## YOUR TASK:
Print exactly the lines below between the line containing "طقم عجلات RCHuiWow" and the line containing "SUMMER RESEARCH INTERNSHIP", counting both of those lines. Leave pictures out.

## EXERCISE DATA:
************

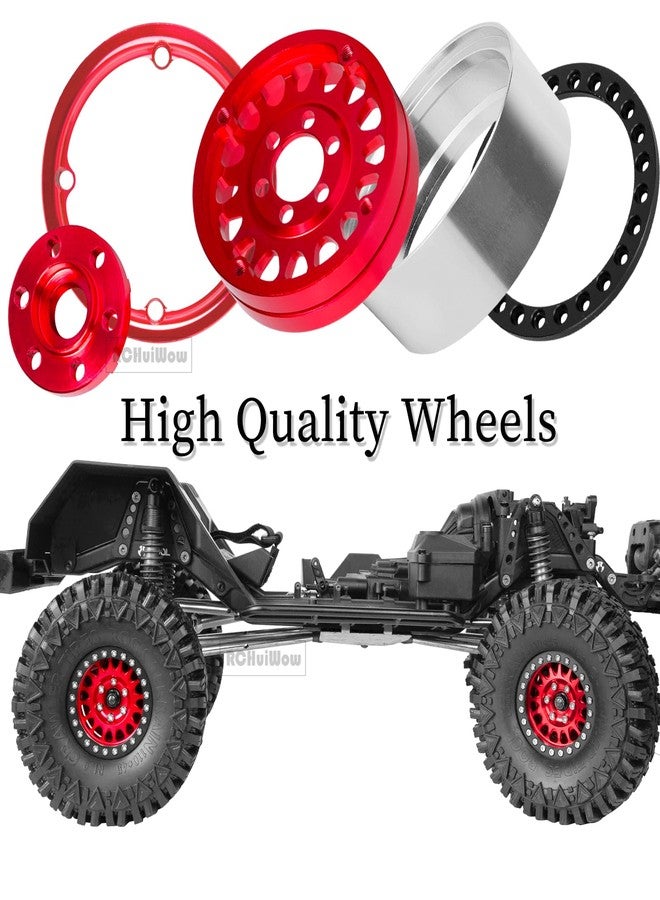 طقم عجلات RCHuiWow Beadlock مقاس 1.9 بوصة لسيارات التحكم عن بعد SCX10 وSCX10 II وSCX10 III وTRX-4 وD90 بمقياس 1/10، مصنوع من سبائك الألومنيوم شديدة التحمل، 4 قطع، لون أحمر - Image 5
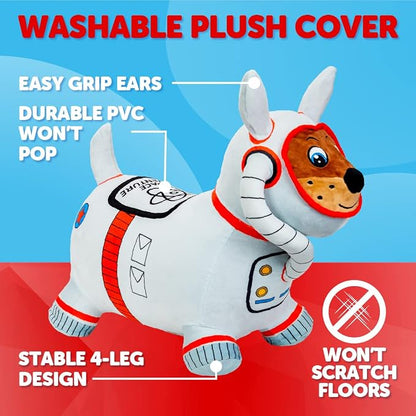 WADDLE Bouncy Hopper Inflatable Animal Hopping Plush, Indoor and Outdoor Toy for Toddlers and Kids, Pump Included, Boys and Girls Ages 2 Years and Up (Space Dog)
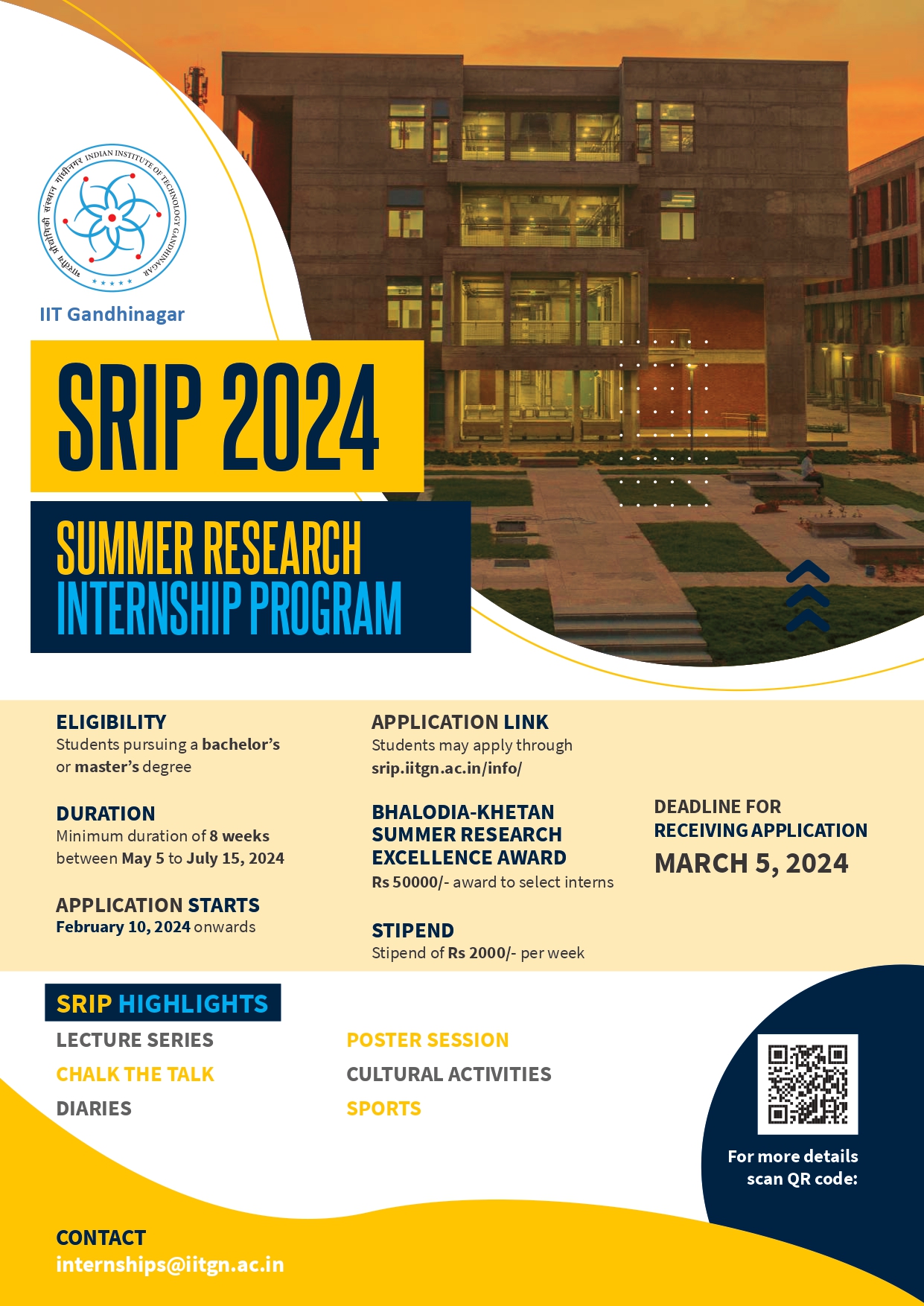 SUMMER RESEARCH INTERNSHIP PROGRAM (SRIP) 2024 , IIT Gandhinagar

************

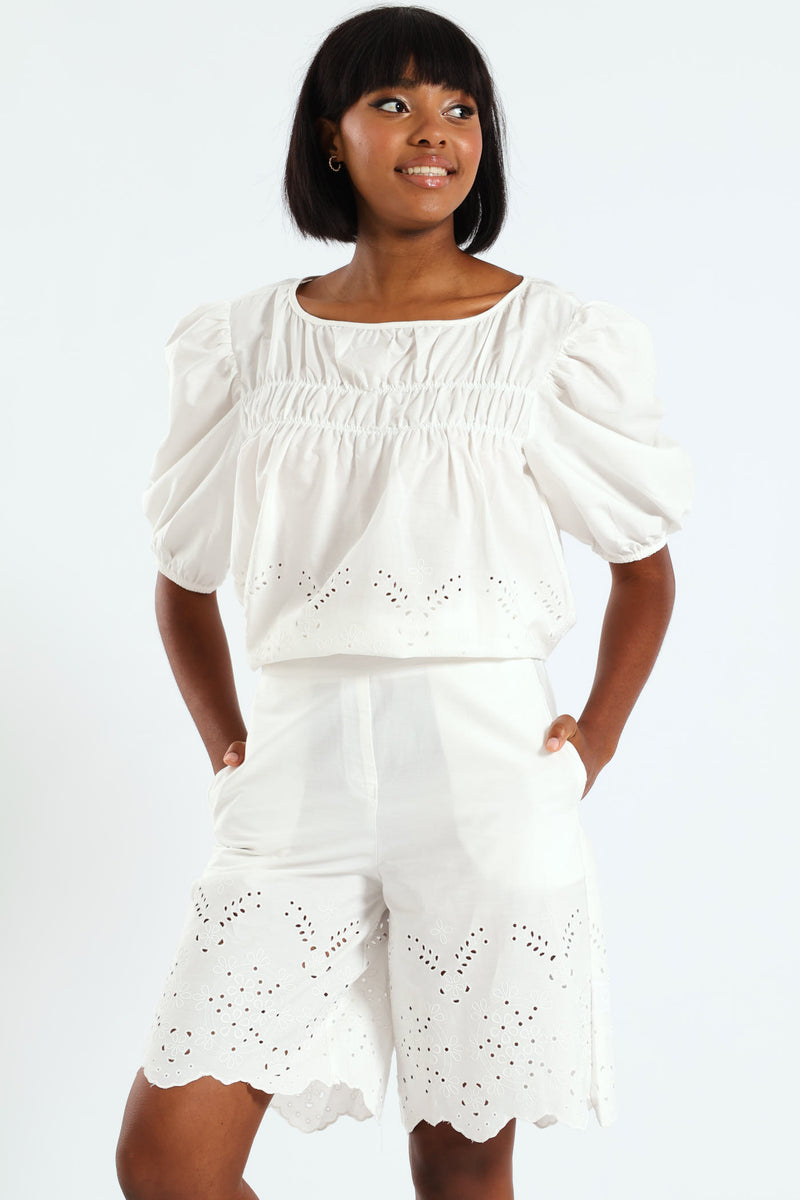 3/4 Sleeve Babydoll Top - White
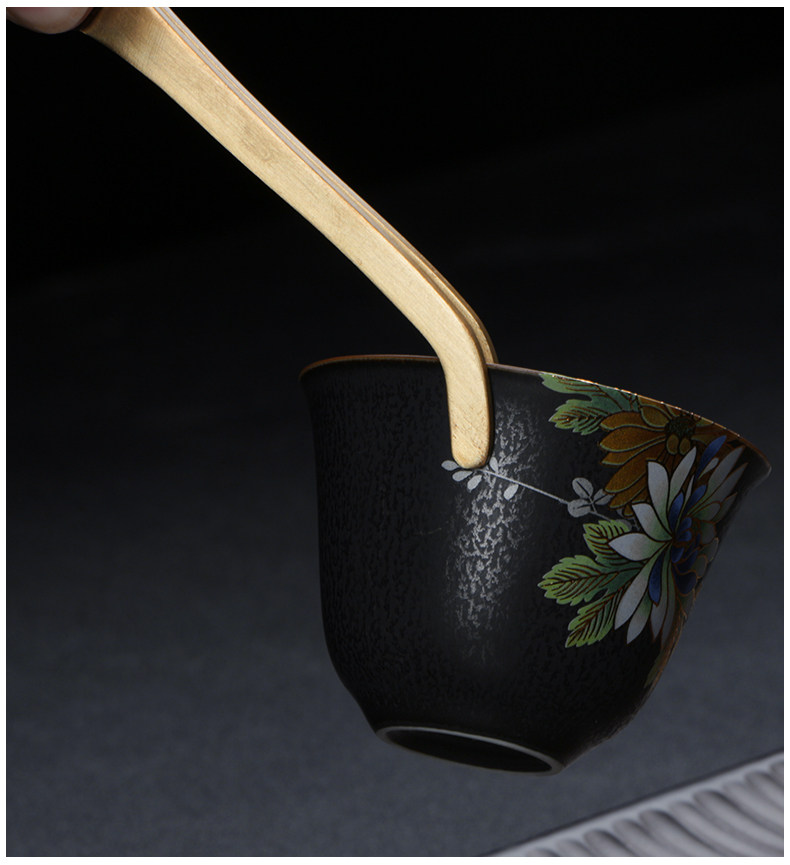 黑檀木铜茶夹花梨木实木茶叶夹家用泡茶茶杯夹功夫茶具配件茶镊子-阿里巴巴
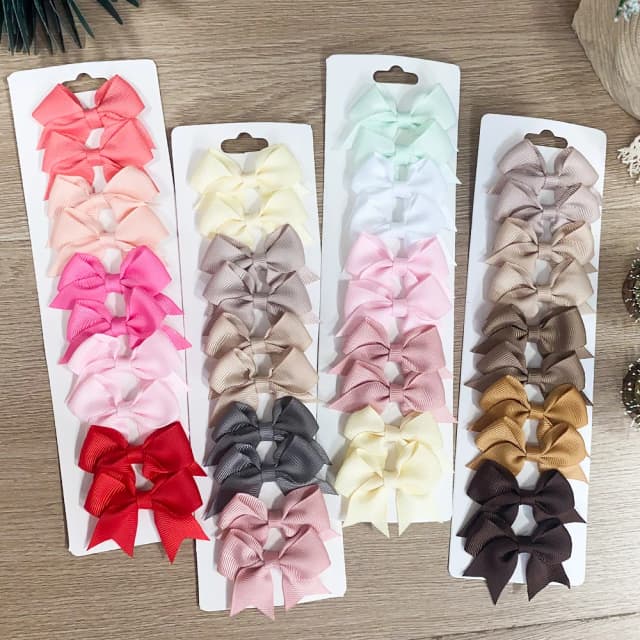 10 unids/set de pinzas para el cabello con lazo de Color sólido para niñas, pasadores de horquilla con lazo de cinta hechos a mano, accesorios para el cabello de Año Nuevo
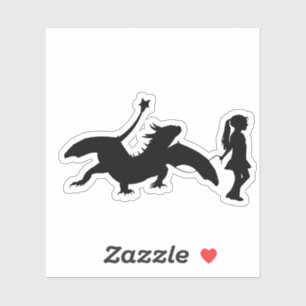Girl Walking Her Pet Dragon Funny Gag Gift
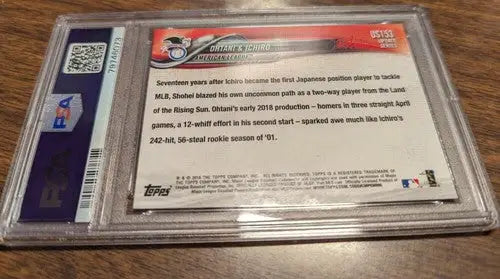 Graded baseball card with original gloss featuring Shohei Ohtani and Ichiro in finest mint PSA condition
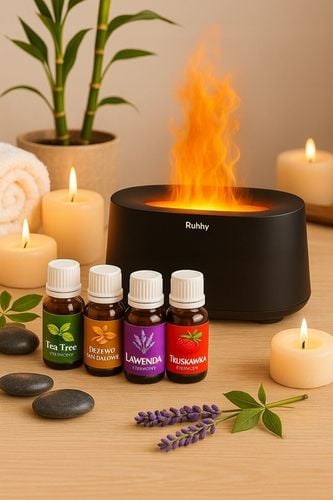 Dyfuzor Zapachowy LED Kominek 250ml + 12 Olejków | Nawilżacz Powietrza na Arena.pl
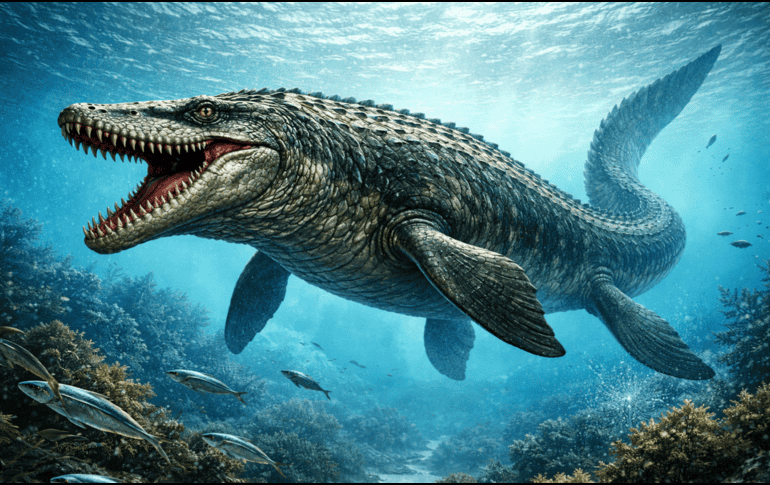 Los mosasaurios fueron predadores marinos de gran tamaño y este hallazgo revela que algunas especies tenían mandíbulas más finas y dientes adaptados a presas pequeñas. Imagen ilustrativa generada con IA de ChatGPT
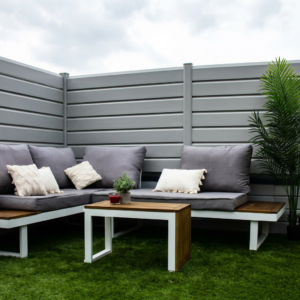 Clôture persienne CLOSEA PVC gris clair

************

## RESPONSE:
 طقم عجلات RCHuiWow Beadlock مقاس 1.9 بوصة لسيارات التحكم عن بعد SCX10 وSCX10 II وSCX10 III وTRX-4 وD90 بمقياس 1/10، مصنوع من سبائك الألومنيوم شديدة التحمل، 4 قطع، لون أحمر - Image 5
 WADDLE Bouncy Hopper Inflatable Animal Hopping Plush, Indoor and Outdoor Toy for Toddlers and Kids, Pump Included, Boys and Girls Ages 2 Years and Up (Space Dog)
 SUMMER RESEARCH INTERNSHIP PROGRAM (SRIP) 2024 , IIT Gandhinagar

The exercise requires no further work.